Bu üç diziyi ve alışılmış çizginin kırılmasına etki eden bütün yapımları televizyon izlemeyen biri olarak değerli bulmam bu yüzden. Şimdilik böylesine değerli yapımları dijital platformlardan seyretme şansımız var, umarım televizyonlarda da böyle değerli yapımları izleme şansımız olur.

Son dokuz yıldır hiç televizyon izlemediğim halde dizilerden nasıl haberim olduğunu merak edenler için; izlemek istediğim dizi veya programı ertesi gün veya vaktim olduğunda internetten takip ediyorum böylelikle 40 dakikalık bir diziye 120 dakikayı ipotek etmeden ve ekran başına kendimi hapsetmek zorunda kalmadan, yani ben istediğim an ekranı durduruyorum ekranın beni durdurmasına teslim olmadan.

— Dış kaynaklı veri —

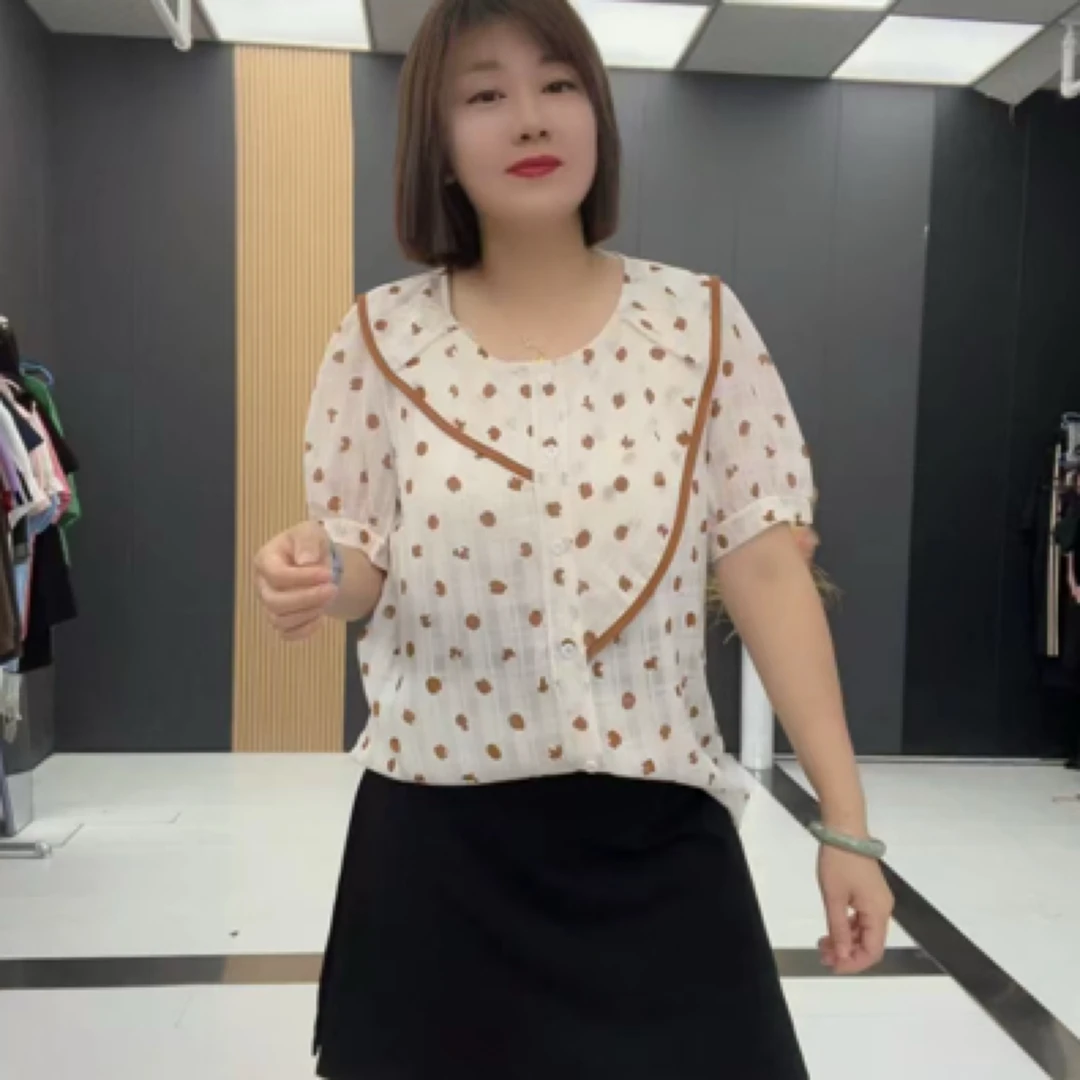 减龄洋气波点半袖衫-osdg-1011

Burcu Biricik’in oyun performansı olağanüstü bulduğumu da ifade etmeliyim

Uğur Yücel’in bu sezon rolü çok fazla olmasa da “ben sinirli değilim yüzüm böyle” repliği hafızamda uzun süre yerini koruyacak.

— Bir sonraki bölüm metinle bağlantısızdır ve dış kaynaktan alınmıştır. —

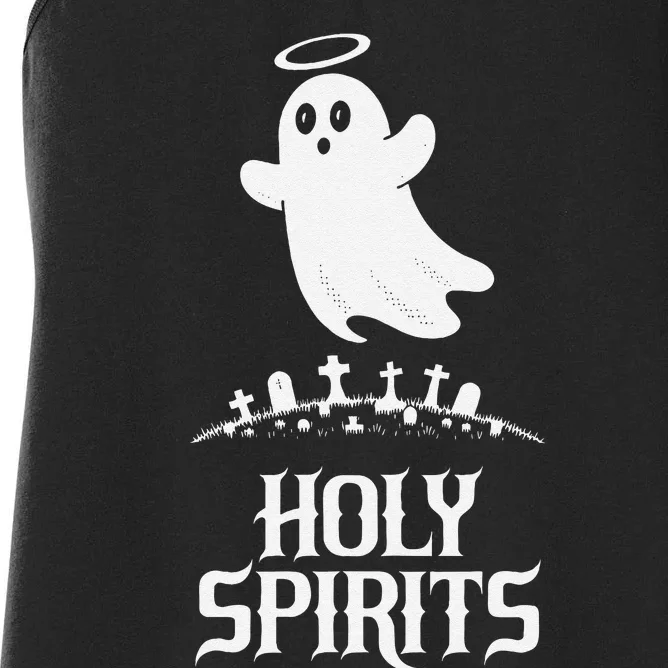 Holy Spirits Cute Ghost Design For Halloween Fun Women's Racerback Tank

Fatma dizisinde kadın figürünün görmezden gelinişi, durumu özel olan bir çocuğa sahipseniz bunun yaşamınız üzerinizdeki etkisi, kendinden aşağıdakini ezme, menfaati uğruna susma, taciz, çocuk yaşta evlendirilme ve tecavüz ve bunun kişinin yaşamı üzerindeki etkis.

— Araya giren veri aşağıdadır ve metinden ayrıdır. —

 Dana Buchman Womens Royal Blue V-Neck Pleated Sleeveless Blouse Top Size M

Paran çoksa sahip olabileceğin pahalı zevkler...!Kadınların toplum içinde çekmiş olduğu sıkıntıyı nakış gibi işlediğini fark edeceksiniz dizi her haliyle akıcı ve sürükleyip gidiyor ve ilk sezonun sonlarına doğru geldiğinizde her mağdur kadının aslında fiziksel şiddet görmediğini ve fiziksel şiddettin kurbanı olmadığını net olarak anlayacaksınız, fiziksel şiddetten daha ağır şiddet şekillerini görmek istemeseniz de size detayları ile tane tane anlatacak ve gösterecek.

Dudaklarınızdan vicdan her şeyden önce vicdanı olmalı insanın sözleri dökülecek.

Kısaca vicdanı olanları rahatsız edecek bir dizi.